Touch typing and law degree.

Goinghome25 · 31/08/2025 21:29

Art
Reading
Touch typing
Swimming

Testerical · 31/08/2025 21:31

Maths - I didn’t pursue a maths-based job initially but a good grounding in maths and logic/ principles of computational thinking has given me so many career opportunities later in life. For enjoyment, English and Music and languages - but that’s not one subject so I’m cheating.

Tezza1 · 31/08/2025 21:35

Ancient History

Needmorelego · 31/08/2025 21:36

CarpetKnees · 31/08/2025 21:18

Many jobs involve writing up notes or reports and all sorts of other things where 'office work' isn't seen as been a big part of the job.

Many, many people also volunteer or take part in hobbies or activities when things are written up AGMs are held, grant applications need to be completed.

Don't you ever write to companies - more generally now by e-mail rather than printing out as a letter.

I mean, I'm using my laptop now as I MN.

Then everyone who goes to University, or studies anything later in life.

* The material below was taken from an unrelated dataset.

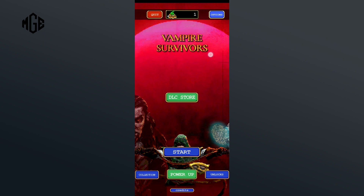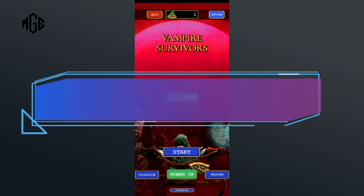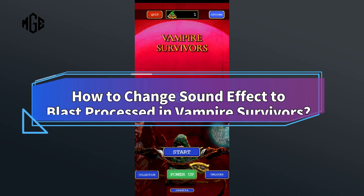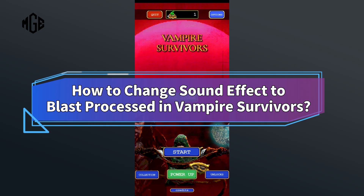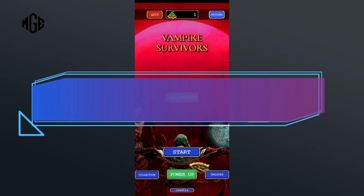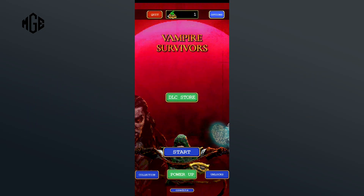Want Blast Process sound effect in Vampire Survivors but don't know how? Hi everyone, welcome back to Make Gaming Easy. In this video, I'll show you some easy steps on how to change sound effect to Blast Process in Vampire Survivors. So without any further ado, let's get started.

I'd say it was more surprising to find people or working age who never use a keyboard

Any emails etc I write I just do on my phone with one finger 😂
I had a laptop but rarely used it.
Luckily I rarely need to write (type) much that involves a high amount of words so the need to touch type has passed me by.
(everything had to be handwritten in my school days)

mumofoneAloneandwell · 31/08/2025 21:36

English lit, history and sociology 😭😭

My a levels

Anjo2011 · 31/08/2025 21:37

English

PadamPadamPDoom · 31/08/2025 21:38

While I certainly appreciate the importance of biology I didn’t get the useful parts of my knowledge from school.

Because of my parents’ professions we had textbooks and weekly / monthly magazine subscriptions concerning both physical and mental health - and as an avid reader I was reading these from infant school age. Then I learned a fair bit of quite specific stuff from Jackie, and Cosmopolitan. And in adult life I don’t think a day’s gone by when I haven’t read at least two broadsheet newspaper articles on health, or listened to a radio article on medical science. And my GPs surgery and local health authority are very keen for me to be constantly informed of what I should be doing next, so as not to become a burden on the NHS and the State.

Set beside all that, the dry theory on plants that is all I recall from school Biology was really a very neglible part of my body of knowledge.